YOUR ASSIGNMENT: Reproduce the data exactly and drop any pictures it holds.

MATERIAL FOR THIS EXERCISE:

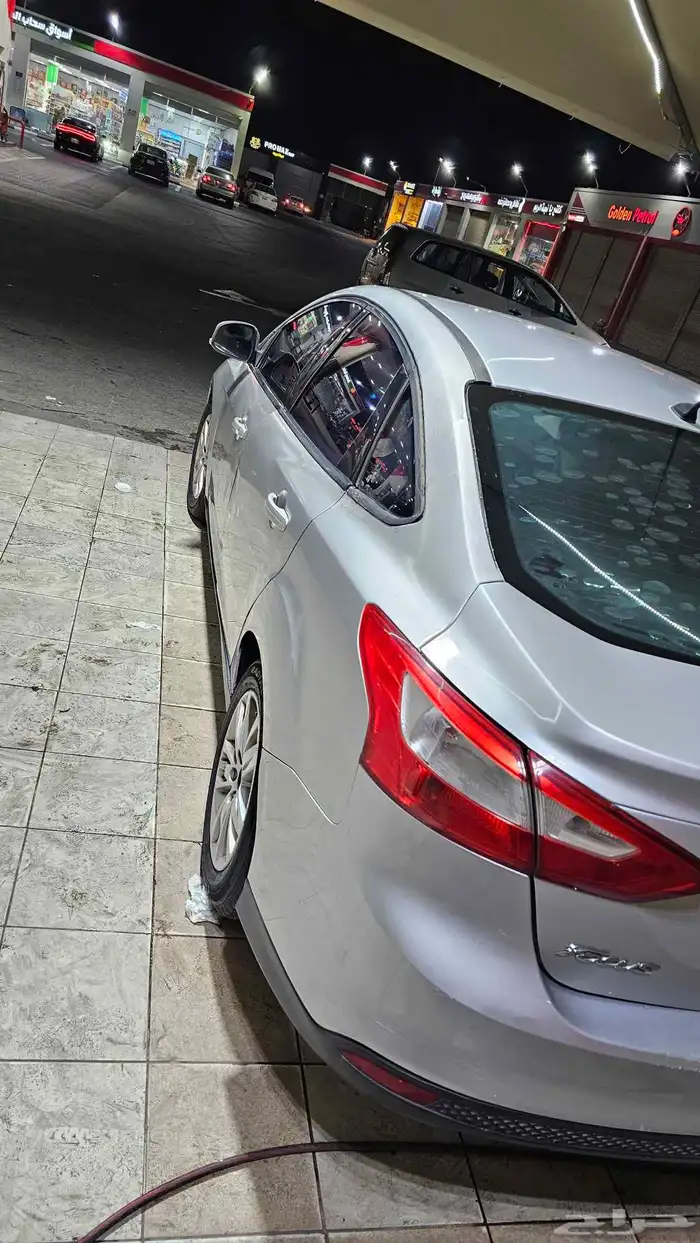 للبيع فورد فوكس نظيف 2012 للبيع 6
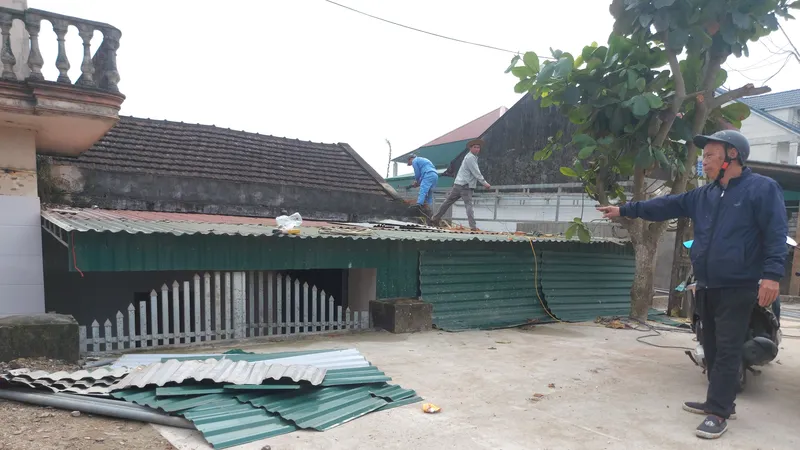 Ông Phan Đình Ngọc (thôn Tân Tiến, xã Phú Lộc) bên cổng nhà bị bịt kín sau khi nâng đường phía trước. Ảnh chụp ngày 2-2-2023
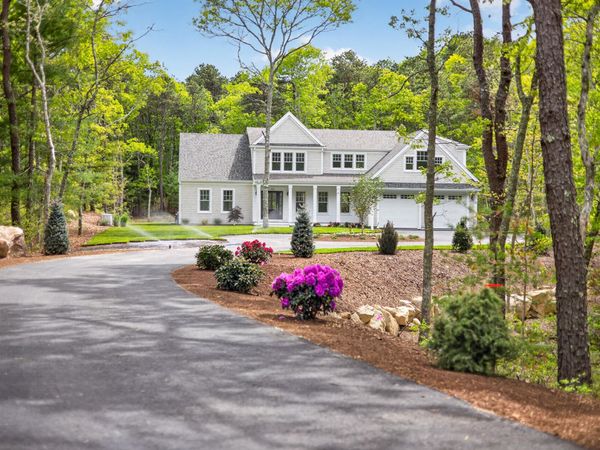153 Oakmont Drive , Cummaquid, MA 02630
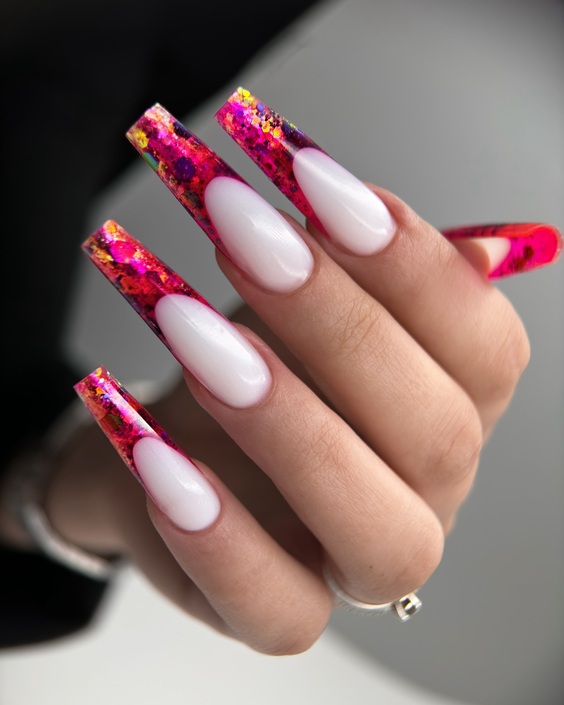 22 Stunning Nail Art Trends for Augus Nails 2024: Vibrant Designs & DIY Tips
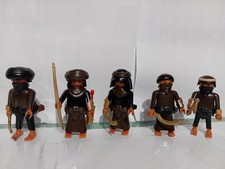 LOT PLAYMOBIL FIGURINES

WRITTEN SOLUTION:
 للبيع فورد فوكس نظيف 2012 للبيع 6
 Ông Phan Đình Ngọc (thôn Tân Tiến, xã Phú Lộc) bên cổng nhà bị bịt kín sau khi nâng đường phía trước. Ảnh chụp ngày 2-2-2023
153 Oakmont Drive , Cummaquid, MA 02630
 22 Stunning Nail Art Trends for Augus Nails 2024: Vibrant Designs & DIY Tips
 LOT PLAYMOBIL FIGURINES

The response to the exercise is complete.